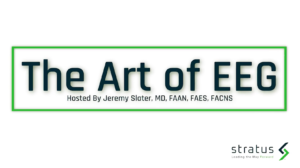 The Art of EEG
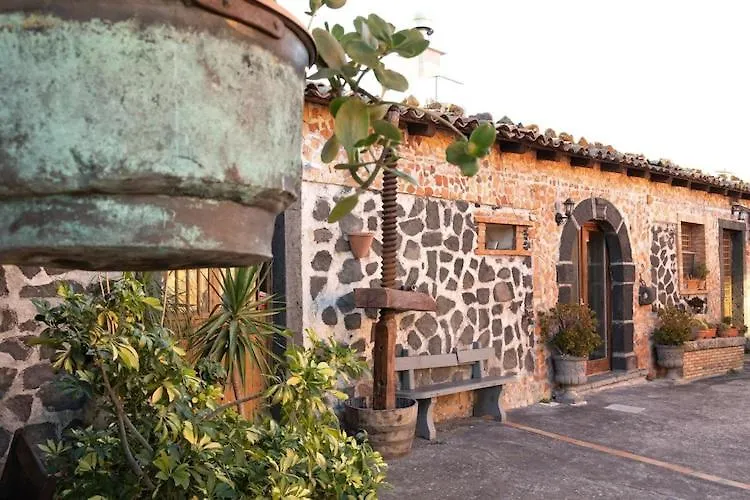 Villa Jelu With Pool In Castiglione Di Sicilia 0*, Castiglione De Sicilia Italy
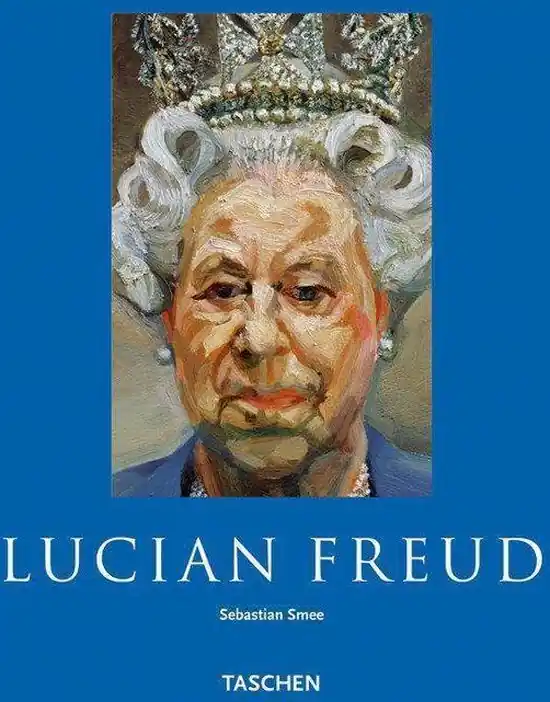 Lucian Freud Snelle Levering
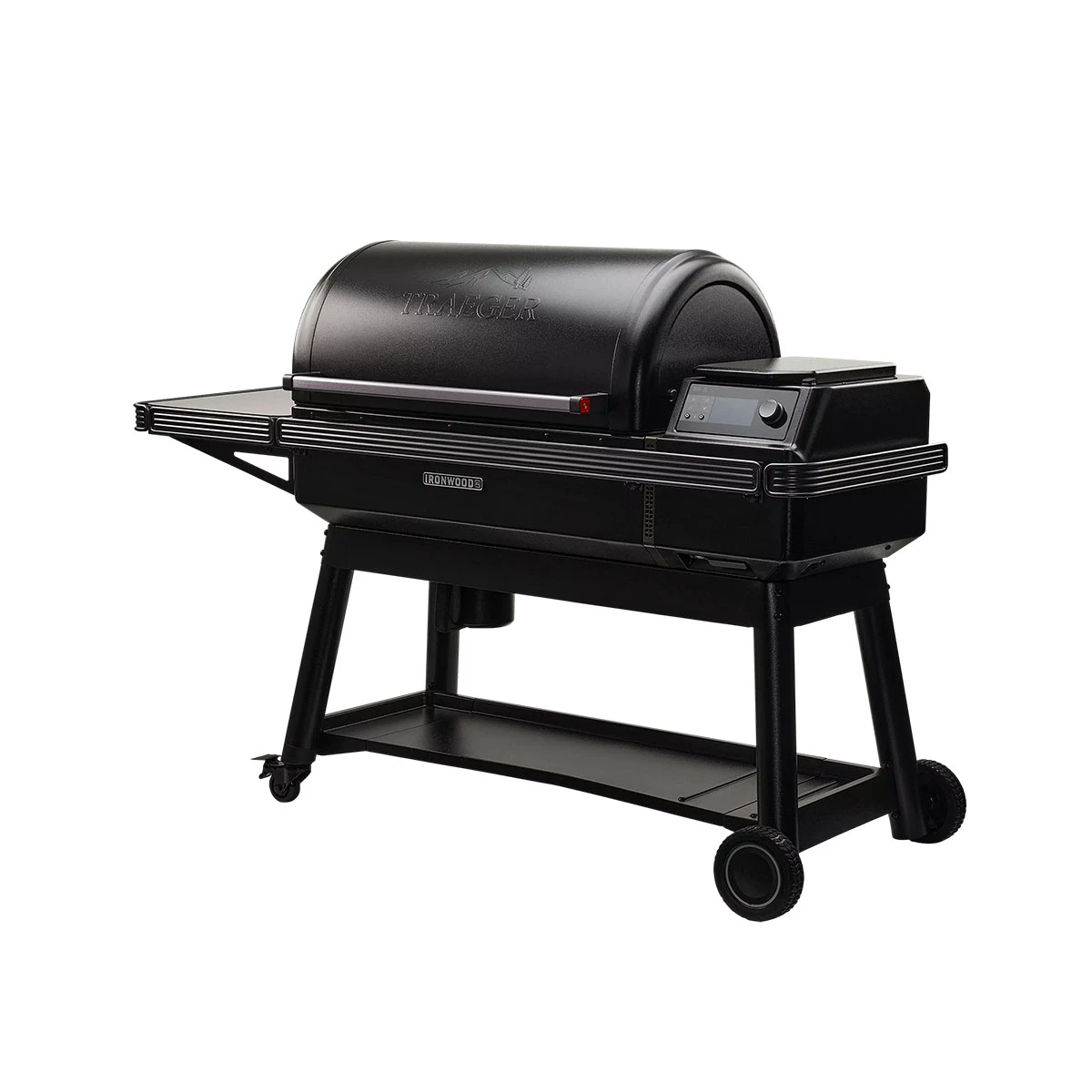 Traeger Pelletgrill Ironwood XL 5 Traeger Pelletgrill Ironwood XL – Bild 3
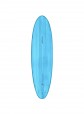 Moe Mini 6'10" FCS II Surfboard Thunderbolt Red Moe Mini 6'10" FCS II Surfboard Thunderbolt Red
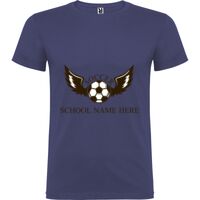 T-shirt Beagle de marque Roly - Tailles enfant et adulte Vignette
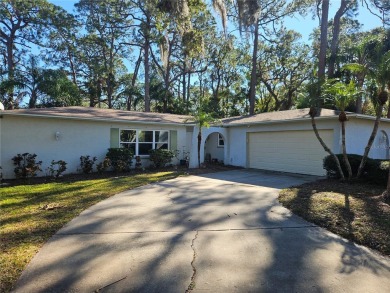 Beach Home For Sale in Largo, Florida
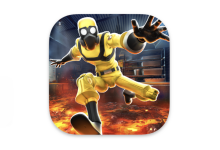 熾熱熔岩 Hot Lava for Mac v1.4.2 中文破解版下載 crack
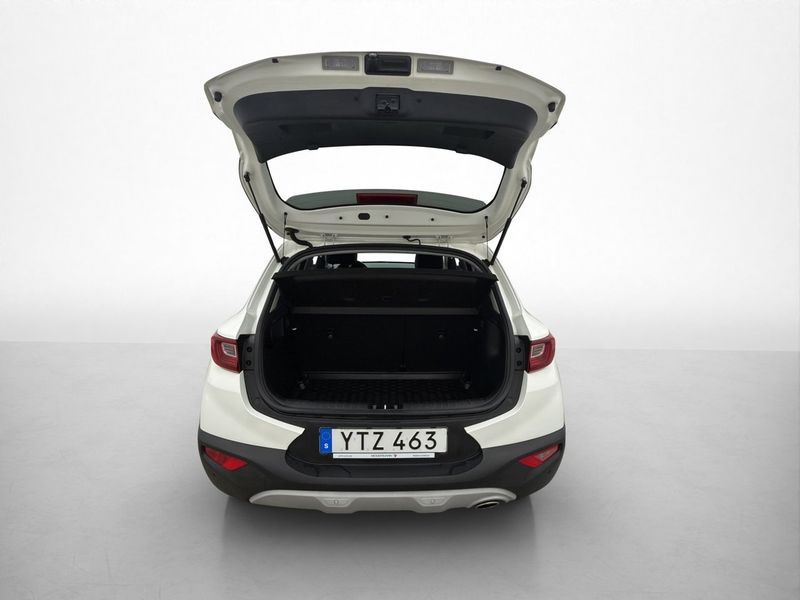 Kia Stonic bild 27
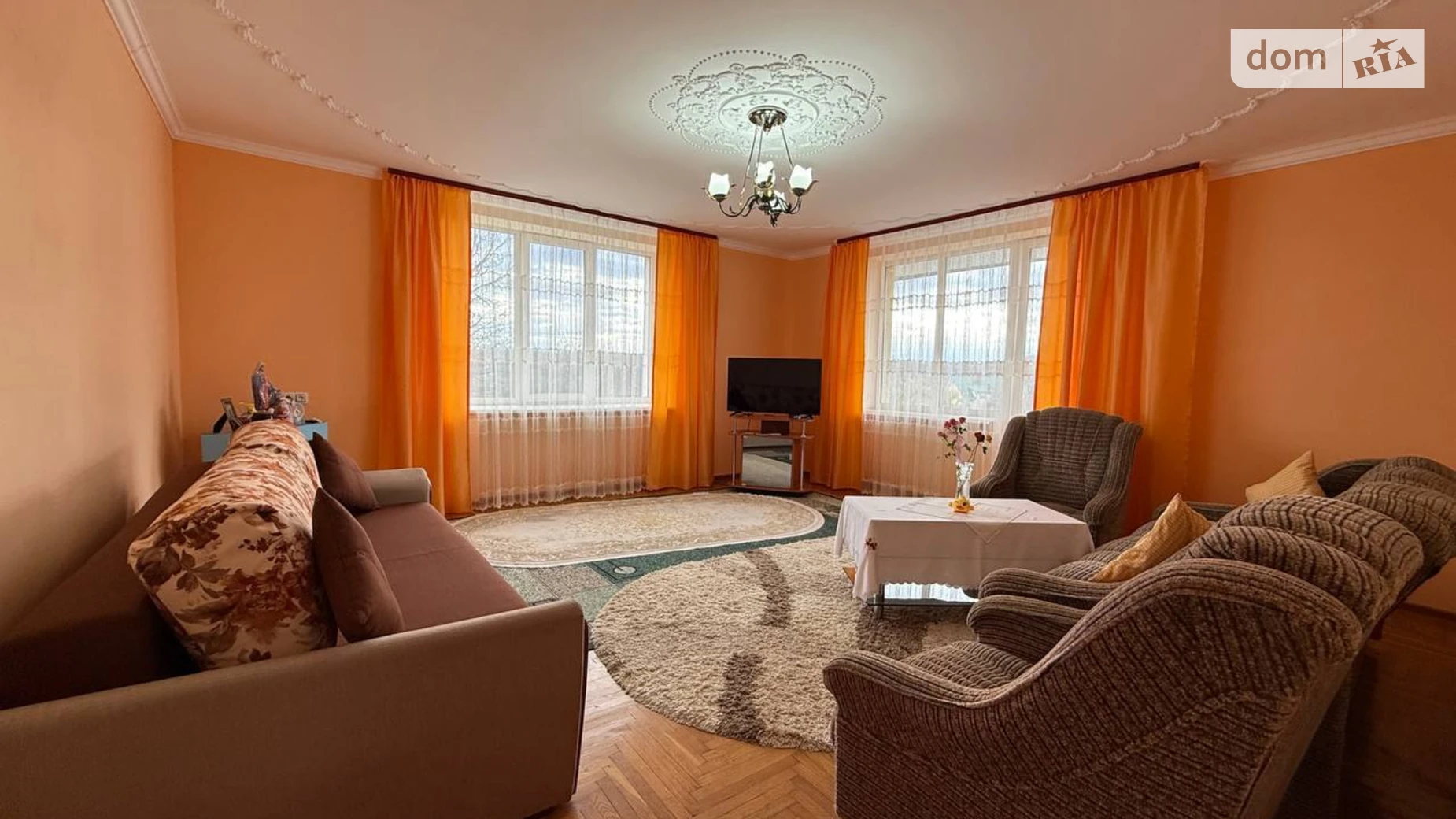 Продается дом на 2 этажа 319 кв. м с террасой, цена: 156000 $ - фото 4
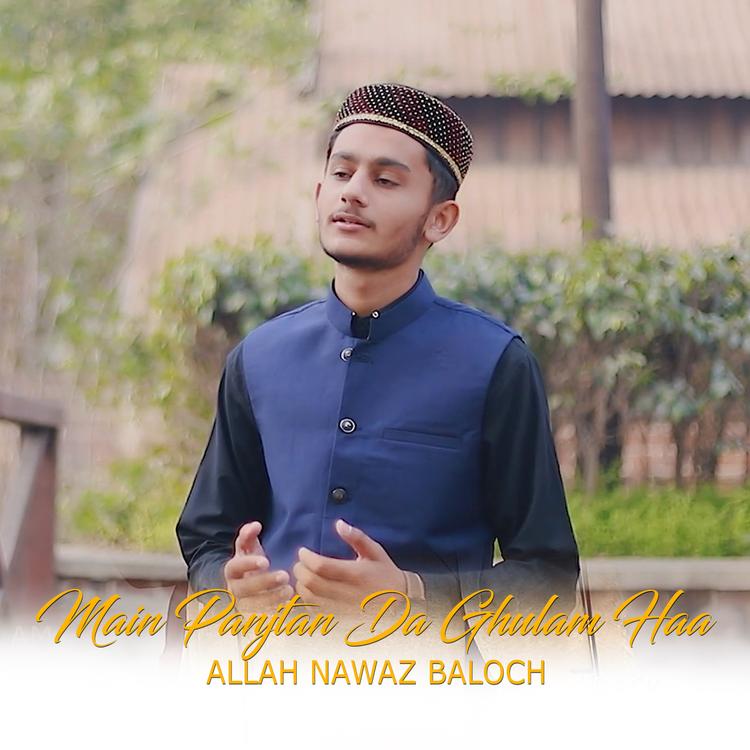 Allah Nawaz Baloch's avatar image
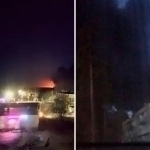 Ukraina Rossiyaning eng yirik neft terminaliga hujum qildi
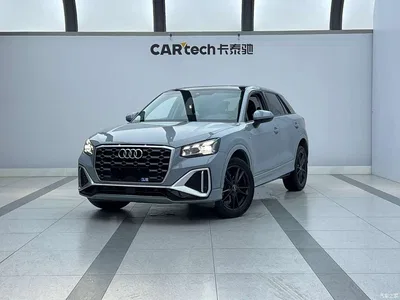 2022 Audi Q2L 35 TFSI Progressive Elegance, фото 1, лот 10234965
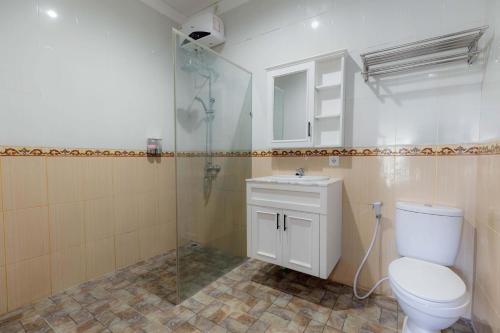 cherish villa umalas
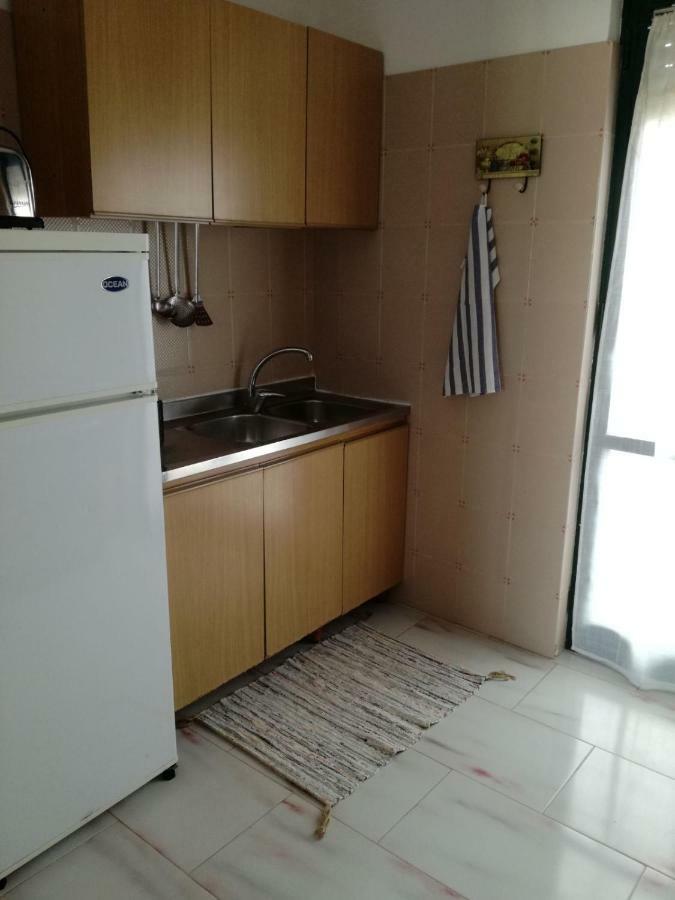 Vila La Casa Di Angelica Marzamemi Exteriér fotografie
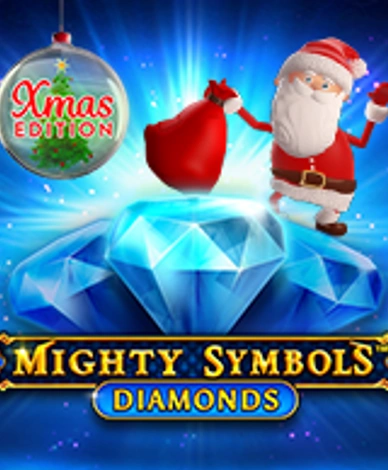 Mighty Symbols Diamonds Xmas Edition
──────
Work instruction –
"Traeger Pelletgrill Ironwood XL 5" marks the last line to keep. Retype every line from the start of the entries through that one, exactly, and drop the pictures.

Reply to the exercise –
 The Art of EEG
 Villa Jelu With Pool In Castiglione Di Sicilia 0*, Castiglione De Sicilia Italy
 Lucian Freud Snelle Levering
 Traeger Pelletgrill Ironwood XL 5 Traeger Pelletgrill Ironwood XL – Bild 3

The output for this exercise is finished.